I was thinking of voteing for Hillary. But now after reading this not going to happen. Obama is not getting my vote. I currently in a rush for an AR10 my self. I took a look on Dpms web sight. Not bad in price. I have also looked at a Accuracy Systems. The price is higher but there is more lager Cal to look in to. I just don't want an AR that Im going to be kicked around by. I have a semi 3006 that feels like a 22 when shooting it. But shoot a Remington 300win mag. Little to much for me. I was like a Rage doll. Whats a good cal for a AR thats going to have that good long range punch for deer or bear. Without the kick. Does any one have a good idea.


----------



## Hunter_58346 (May 22, 2003)

Trust our ND congressman??? Send a message to all three and wait until you get your response. Be careful how you word your question but I will gaurantee that you will not like the response from any of them.


----------



## People (Jan 17, 2005)

We should not trust our ND congress men. They are antigun. They vote for every anti gun thing that commes up for vote. They claim they are for the sportsman and hunters but they are not. How many of use use a Semi for hunting?

I do use a Semi for hunting everything. The only bolts I use for hunting is for long range deer critters and PD because they do not make a AR in 6mm Norma BR.


----------



## USAlx50 (Nov 30, 2004)

Why shouldn't AR's be rising in popularity? You get a semi with bolt action accuracy for a reasonable price. You can have multiple different upper/lower combinations to make use of a variety of calibers. It really is hard to beat the AR platform.

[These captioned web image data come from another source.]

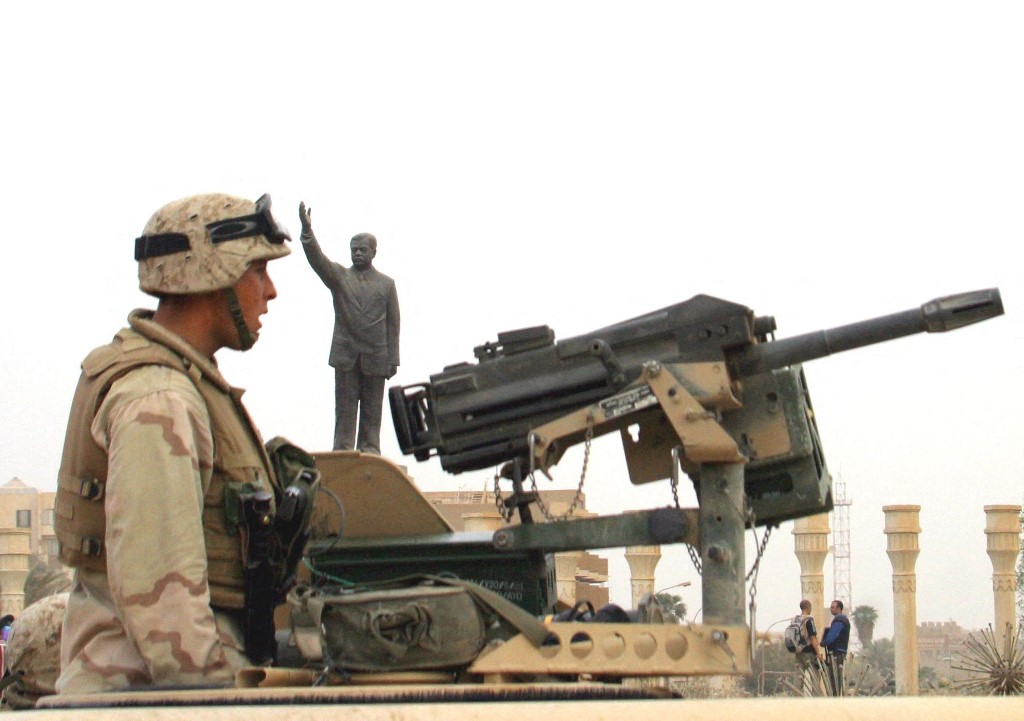 US soldiers guard an area in the centre of Baghdad, 9 April 2003. The statue of Iraqi leader Saddam Hussein in the background was later toppled amid raucous celebrations (AFP)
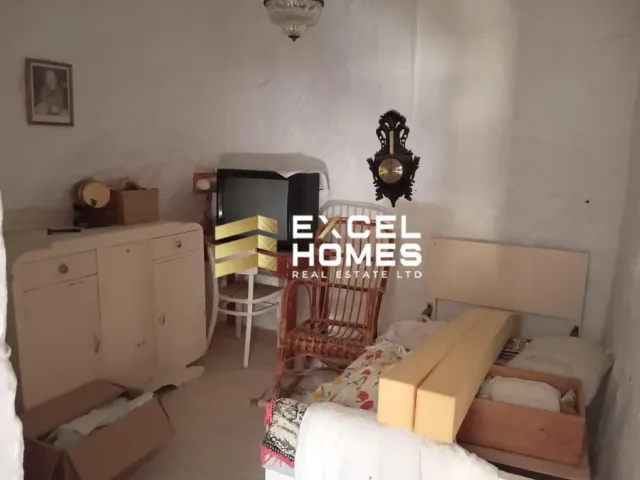 a living room with a tv and a couch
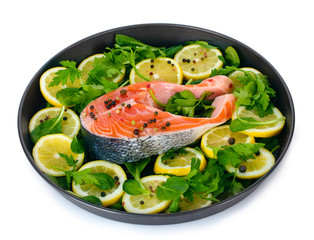 Red fish with lemon, parsley and pepper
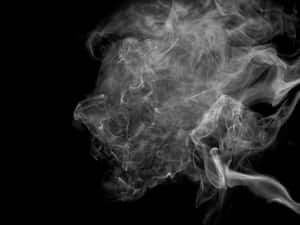 白色煙霧在黑色背景上動態旋轉。 — 煙霧動畫 壁紙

My next rifle will be an AR!


----------



## MOB (Mar 10, 2005)

People said:


> We should not trust our ND congress men. They are antigun. They vote for every anti gun thing that commes up for vote. They claim they are for the sportsman and hunters but they are not./quote]
> 
> Remember that the next time you vote. We had a democrat Senator Daschle is SD until he betrayed the people too may times by his far left votes. He voted for the Brady bill along with our other democrat Senator Johnson.


----------